What is expected
Copy the listing in full and exactly, omitting its images.

Information supplied
Start of Block
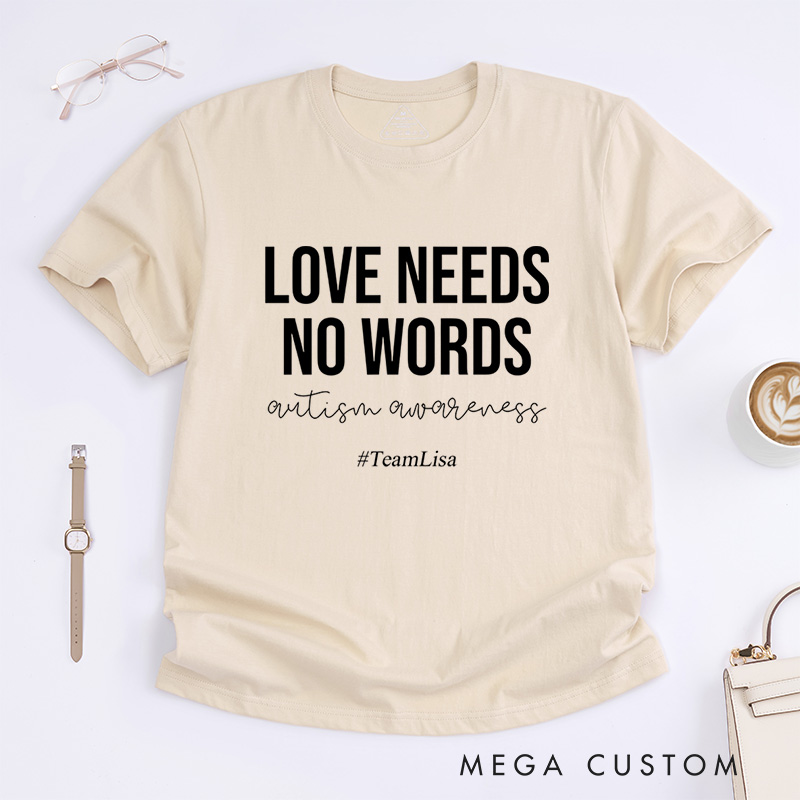 Personalized Love Need No Words Autism Awareness T-Shirt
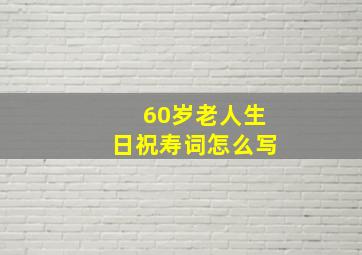 60岁老人生日祝寿词怎么写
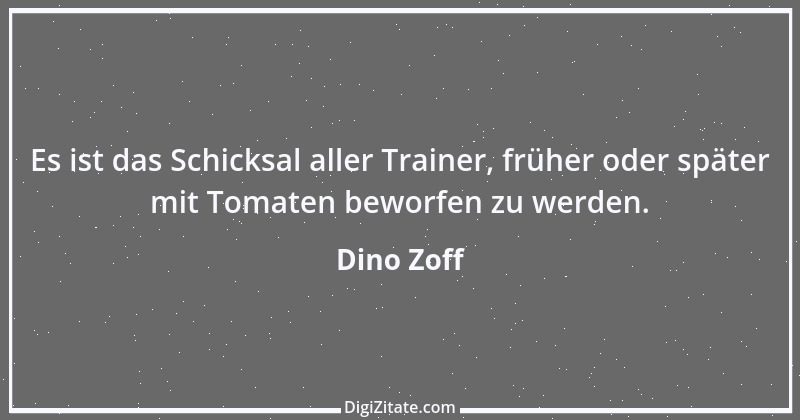 Zitat von Dino Zoff 1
End of Block
Result below
 Personalized Love Need No Words Autism Awareness T-Shirt
 60岁老人生日祝寿词怎么写
 Zitat von Dino Zoff 1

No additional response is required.